Pregunta

I have two tables.

Table A contains UserID, UserName

Table B contains ID, FK_UserID, ClientName

I need to return a list of distinct A.UserName where A.Username exists in table B and has at least one ClientName attached to them, but in my query, only look at distinct B.ClientName.

My thoughts were:

Select Distinct A.UserName from A as A
Inner Join B as B
on A.UserID = B.FK_UserID

But that only distincts on table A

My next thought was:

Select Distinct Username from A
where UserID In 
(
Select FK_UserID, distinct ClientName from B)

I was told that there is a way to do a distinct on both tables in the join, because if table A is 300 rows, and table B is 3 BILLION rows, my original query is going to take awhile.

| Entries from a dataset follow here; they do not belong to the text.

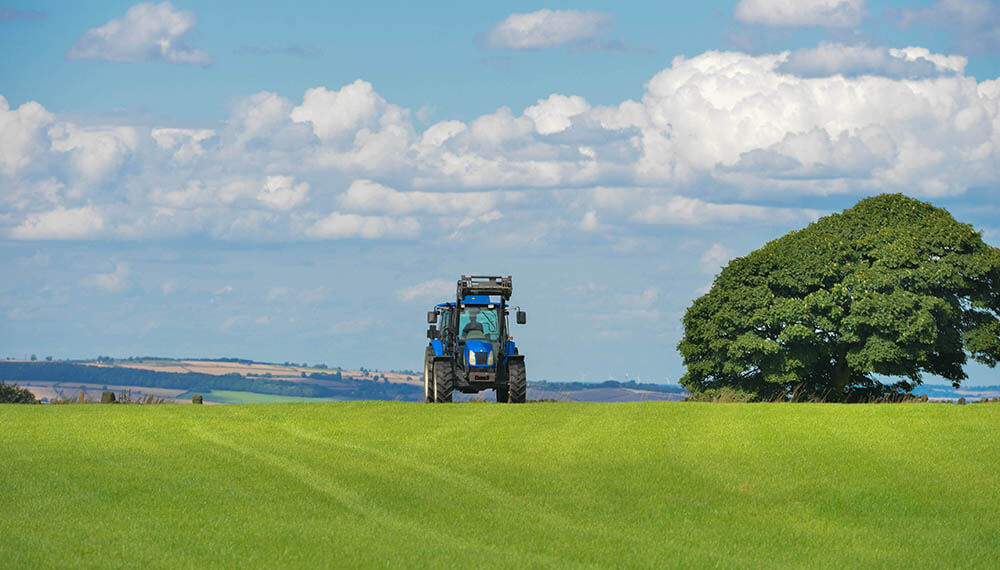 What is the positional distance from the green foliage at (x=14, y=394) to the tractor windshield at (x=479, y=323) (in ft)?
70.8

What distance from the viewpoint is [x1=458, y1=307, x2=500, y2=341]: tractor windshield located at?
1375 inches

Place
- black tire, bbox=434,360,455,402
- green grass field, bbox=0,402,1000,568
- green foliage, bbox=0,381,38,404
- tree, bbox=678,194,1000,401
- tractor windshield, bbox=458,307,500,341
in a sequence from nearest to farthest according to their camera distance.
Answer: green grass field, bbox=0,402,1000,568 → black tire, bbox=434,360,455,402 → tractor windshield, bbox=458,307,500,341 → tree, bbox=678,194,1000,401 → green foliage, bbox=0,381,38,404

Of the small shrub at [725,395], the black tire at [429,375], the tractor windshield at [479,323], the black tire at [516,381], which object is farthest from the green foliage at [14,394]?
the small shrub at [725,395]

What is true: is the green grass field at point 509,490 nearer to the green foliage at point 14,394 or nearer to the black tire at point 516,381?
the black tire at point 516,381

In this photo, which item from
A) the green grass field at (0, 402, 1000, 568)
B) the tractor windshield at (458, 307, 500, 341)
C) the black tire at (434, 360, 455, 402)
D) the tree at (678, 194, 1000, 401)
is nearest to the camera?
the green grass field at (0, 402, 1000, 568)

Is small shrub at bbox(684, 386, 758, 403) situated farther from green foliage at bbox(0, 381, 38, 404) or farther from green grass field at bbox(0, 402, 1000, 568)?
green foliage at bbox(0, 381, 38, 404)

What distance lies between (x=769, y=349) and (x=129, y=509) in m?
31.6

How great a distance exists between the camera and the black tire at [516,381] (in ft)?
112

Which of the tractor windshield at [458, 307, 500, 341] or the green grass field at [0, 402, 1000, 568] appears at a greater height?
the tractor windshield at [458, 307, 500, 341]

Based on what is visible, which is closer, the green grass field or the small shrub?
the green grass field

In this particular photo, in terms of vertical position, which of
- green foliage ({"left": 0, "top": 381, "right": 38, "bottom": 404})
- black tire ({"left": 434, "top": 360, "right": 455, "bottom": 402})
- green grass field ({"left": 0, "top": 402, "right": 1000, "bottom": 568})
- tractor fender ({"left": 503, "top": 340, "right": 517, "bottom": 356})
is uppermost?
tractor fender ({"left": 503, "top": 340, "right": 517, "bottom": 356})

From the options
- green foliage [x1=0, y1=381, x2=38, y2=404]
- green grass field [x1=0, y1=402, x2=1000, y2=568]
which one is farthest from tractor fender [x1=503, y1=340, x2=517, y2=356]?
green foliage [x1=0, y1=381, x2=38, y2=404]

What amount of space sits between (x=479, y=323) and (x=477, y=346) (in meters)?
0.89

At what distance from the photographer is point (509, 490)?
17.7m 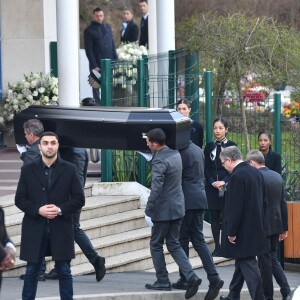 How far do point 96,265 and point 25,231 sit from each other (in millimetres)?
1637

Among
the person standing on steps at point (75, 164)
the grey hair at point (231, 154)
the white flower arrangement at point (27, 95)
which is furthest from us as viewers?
the white flower arrangement at point (27, 95)

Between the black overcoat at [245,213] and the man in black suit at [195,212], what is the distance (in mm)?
711

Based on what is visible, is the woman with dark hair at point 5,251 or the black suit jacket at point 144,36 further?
the black suit jacket at point 144,36

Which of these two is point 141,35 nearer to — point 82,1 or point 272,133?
point 272,133

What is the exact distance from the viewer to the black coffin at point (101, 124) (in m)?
13.4

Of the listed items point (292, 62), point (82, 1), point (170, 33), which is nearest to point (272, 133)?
point (292, 62)

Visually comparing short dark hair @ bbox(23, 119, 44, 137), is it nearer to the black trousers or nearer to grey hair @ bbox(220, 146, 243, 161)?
grey hair @ bbox(220, 146, 243, 161)

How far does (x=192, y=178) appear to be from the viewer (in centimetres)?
1299

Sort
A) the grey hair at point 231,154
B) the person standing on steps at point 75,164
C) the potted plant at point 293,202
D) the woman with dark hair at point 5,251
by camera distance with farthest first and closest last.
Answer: the potted plant at point 293,202 < the person standing on steps at point 75,164 < the grey hair at point 231,154 < the woman with dark hair at point 5,251

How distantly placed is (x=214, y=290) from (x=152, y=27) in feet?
25.1

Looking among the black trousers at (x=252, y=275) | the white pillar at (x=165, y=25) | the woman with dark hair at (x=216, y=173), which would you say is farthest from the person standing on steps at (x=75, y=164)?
the white pillar at (x=165, y=25)

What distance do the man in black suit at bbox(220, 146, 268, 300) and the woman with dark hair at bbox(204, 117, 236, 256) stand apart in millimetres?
2030

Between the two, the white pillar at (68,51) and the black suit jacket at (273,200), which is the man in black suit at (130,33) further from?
the black suit jacket at (273,200)

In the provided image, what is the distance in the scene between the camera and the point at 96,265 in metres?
13.0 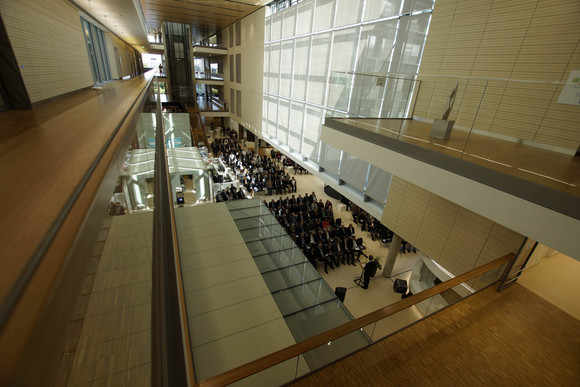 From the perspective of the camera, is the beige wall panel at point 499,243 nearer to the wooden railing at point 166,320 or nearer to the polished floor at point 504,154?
the polished floor at point 504,154

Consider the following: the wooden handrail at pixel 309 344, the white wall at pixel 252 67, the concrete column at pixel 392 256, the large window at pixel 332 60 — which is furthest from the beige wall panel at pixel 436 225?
the white wall at pixel 252 67

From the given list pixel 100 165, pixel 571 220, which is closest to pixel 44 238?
pixel 100 165

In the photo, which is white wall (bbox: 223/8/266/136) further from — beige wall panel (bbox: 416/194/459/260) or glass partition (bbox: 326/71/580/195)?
beige wall panel (bbox: 416/194/459/260)

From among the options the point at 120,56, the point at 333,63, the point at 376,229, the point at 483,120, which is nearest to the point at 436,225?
the point at 483,120

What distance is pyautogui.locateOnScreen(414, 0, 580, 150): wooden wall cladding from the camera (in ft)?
13.8

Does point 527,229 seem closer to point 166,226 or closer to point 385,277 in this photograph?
point 166,226

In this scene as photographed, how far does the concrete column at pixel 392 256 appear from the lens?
805cm

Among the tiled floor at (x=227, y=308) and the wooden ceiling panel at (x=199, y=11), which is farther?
the wooden ceiling panel at (x=199, y=11)

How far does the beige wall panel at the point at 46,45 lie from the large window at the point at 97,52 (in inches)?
48.0

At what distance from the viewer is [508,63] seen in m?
4.89

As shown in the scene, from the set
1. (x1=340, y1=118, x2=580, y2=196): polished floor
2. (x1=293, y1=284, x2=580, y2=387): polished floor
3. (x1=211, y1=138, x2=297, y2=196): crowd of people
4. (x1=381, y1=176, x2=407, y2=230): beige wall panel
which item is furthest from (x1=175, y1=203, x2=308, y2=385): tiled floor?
(x1=211, y1=138, x2=297, y2=196): crowd of people

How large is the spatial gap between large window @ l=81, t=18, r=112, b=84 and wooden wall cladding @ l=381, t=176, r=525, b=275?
7654 mm

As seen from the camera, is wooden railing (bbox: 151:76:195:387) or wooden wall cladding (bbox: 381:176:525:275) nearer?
wooden railing (bbox: 151:76:195:387)

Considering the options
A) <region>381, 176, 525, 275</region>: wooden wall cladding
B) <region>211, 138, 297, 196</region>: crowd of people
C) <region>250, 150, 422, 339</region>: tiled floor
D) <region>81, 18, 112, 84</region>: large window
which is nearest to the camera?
<region>381, 176, 525, 275</region>: wooden wall cladding
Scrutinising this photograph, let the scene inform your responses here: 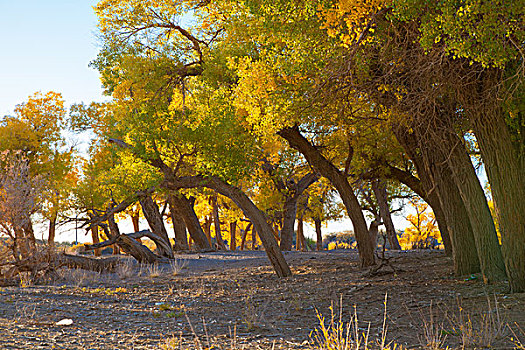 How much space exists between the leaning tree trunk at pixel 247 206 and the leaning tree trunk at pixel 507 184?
583 centimetres

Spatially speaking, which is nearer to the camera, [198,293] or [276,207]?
[198,293]

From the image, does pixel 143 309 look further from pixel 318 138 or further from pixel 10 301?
pixel 318 138

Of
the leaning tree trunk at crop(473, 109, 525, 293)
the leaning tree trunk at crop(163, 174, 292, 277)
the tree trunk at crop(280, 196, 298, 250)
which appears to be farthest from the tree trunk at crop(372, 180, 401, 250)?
the leaning tree trunk at crop(473, 109, 525, 293)

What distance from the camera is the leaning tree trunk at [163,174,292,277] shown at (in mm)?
11953

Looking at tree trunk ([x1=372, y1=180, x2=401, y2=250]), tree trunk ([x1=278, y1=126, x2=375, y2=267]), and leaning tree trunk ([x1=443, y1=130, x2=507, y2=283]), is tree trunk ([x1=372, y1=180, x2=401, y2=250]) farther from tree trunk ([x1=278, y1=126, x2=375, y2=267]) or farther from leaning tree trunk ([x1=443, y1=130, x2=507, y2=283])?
leaning tree trunk ([x1=443, y1=130, x2=507, y2=283])

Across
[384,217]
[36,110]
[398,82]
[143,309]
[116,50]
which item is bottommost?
[143,309]

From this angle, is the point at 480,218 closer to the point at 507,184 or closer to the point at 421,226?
the point at 507,184

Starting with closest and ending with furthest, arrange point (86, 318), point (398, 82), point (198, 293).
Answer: point (86, 318)
point (398, 82)
point (198, 293)

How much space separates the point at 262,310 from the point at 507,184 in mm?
4403

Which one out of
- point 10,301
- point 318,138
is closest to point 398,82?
point 318,138

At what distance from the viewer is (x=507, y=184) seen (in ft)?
23.7

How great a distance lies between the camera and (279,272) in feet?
40.0

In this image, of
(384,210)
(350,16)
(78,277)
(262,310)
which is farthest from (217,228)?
(350,16)

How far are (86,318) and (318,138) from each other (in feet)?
25.6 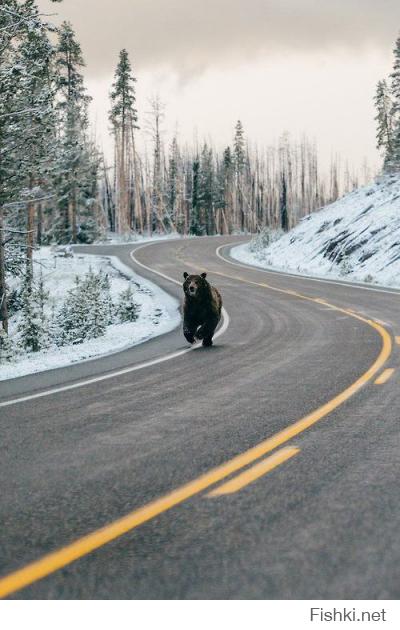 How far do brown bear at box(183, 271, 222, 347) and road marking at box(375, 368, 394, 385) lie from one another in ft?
13.3

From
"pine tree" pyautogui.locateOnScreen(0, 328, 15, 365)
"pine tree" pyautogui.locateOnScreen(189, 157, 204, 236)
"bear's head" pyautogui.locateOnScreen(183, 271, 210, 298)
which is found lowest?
"pine tree" pyautogui.locateOnScreen(0, 328, 15, 365)

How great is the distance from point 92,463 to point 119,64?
71.3m

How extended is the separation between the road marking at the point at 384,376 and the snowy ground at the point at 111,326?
16.4ft

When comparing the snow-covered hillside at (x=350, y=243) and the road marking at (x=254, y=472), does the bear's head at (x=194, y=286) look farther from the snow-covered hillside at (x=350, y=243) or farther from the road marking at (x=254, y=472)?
the snow-covered hillside at (x=350, y=243)

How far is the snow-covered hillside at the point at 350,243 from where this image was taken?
92.8 ft

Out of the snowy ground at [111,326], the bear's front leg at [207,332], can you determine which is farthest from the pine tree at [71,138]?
the bear's front leg at [207,332]

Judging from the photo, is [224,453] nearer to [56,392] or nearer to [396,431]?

The person specifically wants me to use an inner join...

¿Fue útil?

Solución

Your original query is:

Select Distinct A.UserName
from A as A Inner Join
     B as B
     on A.UserID = B.FK_UserID;

This can be a problem, if there are many matches in b. Using in isn't quite the right solution. Instead, use exists:

select a.UserName
from a
where exists (select 1
              from b
              where b.fk_UserID = a.UserId
             )

Then, be sure that you have an index on b(fk_UserId).

This should do about 300 lookups in the index. That should be quite fast.

My advice for the person who told you to use the inner join: Write a special version for that person. For the many minutes or hours that it takes to run, let other people use the faster version using exists.